But even in Rome the sun must set and November nights grow chill, and a night came when, after a day of rain, a fire would have been pleasant, and suddenly we discovered there was no place to make it in. It had never occurred to us that there could not be, fresh as we were from the land where heat in the house is as much a matter of course as a sun in the sky. At first we wrapped ourselves in shawls and blankets, hired the padrona's biggest scaldino, and called it an experience. After a few evenings we decided it was an experience we could do without and, like all miserable Romans who have no fireplace, we settled down to spending our nights in the restaurants and cafés of Rome.

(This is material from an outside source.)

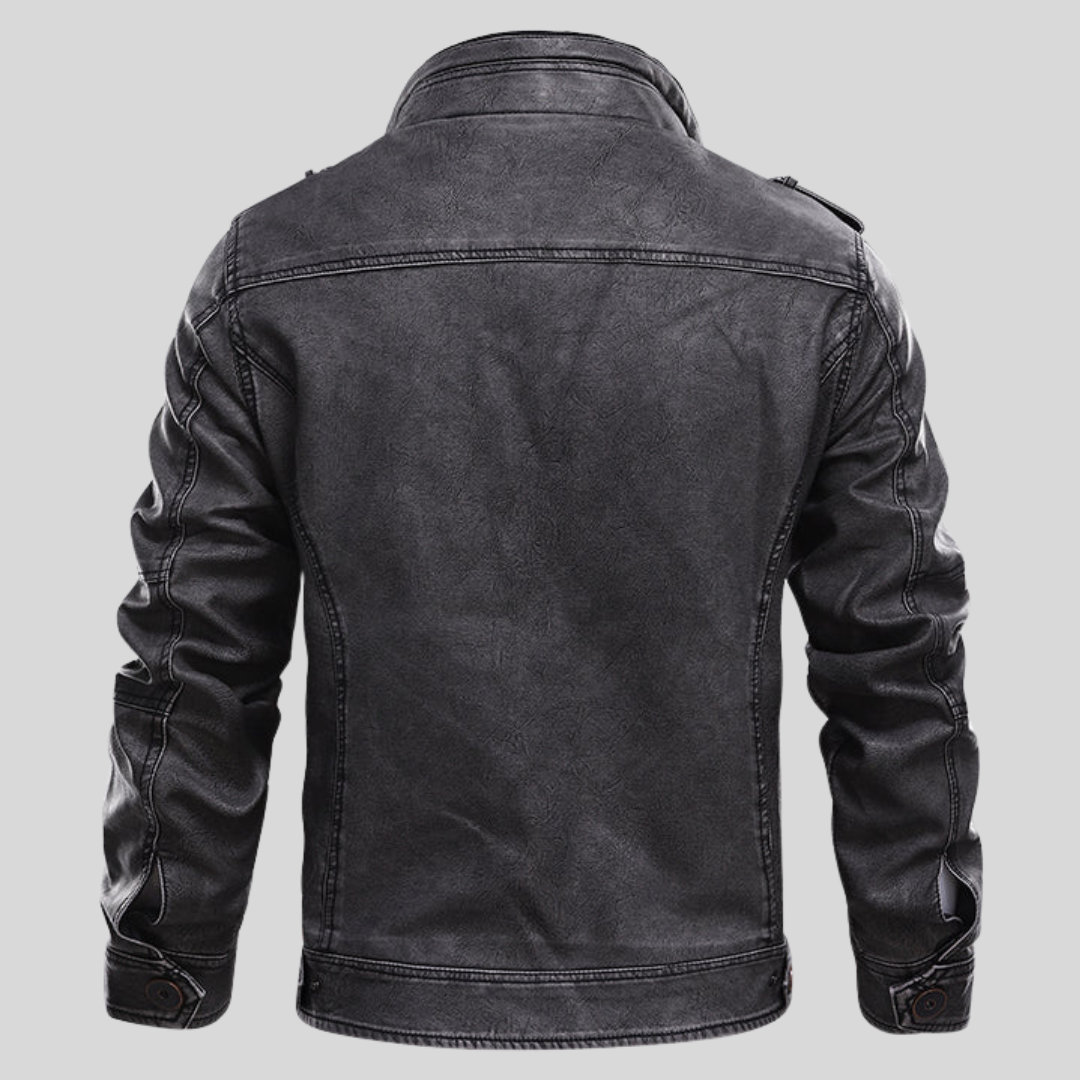 VESTE EN CUIR BONANZA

I doubt if I should care to spend my nights that way now; a quarter of a century has added unexpected charm to a dinner-table and fireside of my own; but no Arabian Nights could then have been fuller of entertainment than the Roman Nights that drove us from home in search of warmth and food. In Philadelphia there never had been a suspicion of chance, a shadow of adventure about my dinner. It was as inevitable as six o'clock and as inevitably eaten in the seclusion of the Philadelphia second-story back-building dining-room, if not of my family, then of one or another of my friends. In Rome it became a delightful uncertainty that transformed the six flights of stairs leading to it from our rooms into the "Road to Anywhere". That road was by no means an easy one to climb up again and if we could help it, we never climbed down more than once a day, usually a little before dusk, a few hours earlier when we were in a rare holiday mood, and always in time for a long or short tramp before dinner. If we came to a church we dropped into it, or a gallery, or a palace, or a garden, when we were in time. We followed the streets wherever they might lead—along the brand-new Via Nazionale to the Forum or the narrow alleys to St. Peter's, beyond the gates to the Campagna—seeing a good deal of Rome without setting out deliberately to see anything. When we were hungry, we stopped at the first Trattoria we passed, provided it looked as if we could afford it, and the chance dinner in a chance place at a chance hour was the biggest adventure of all that had crowded the way to it.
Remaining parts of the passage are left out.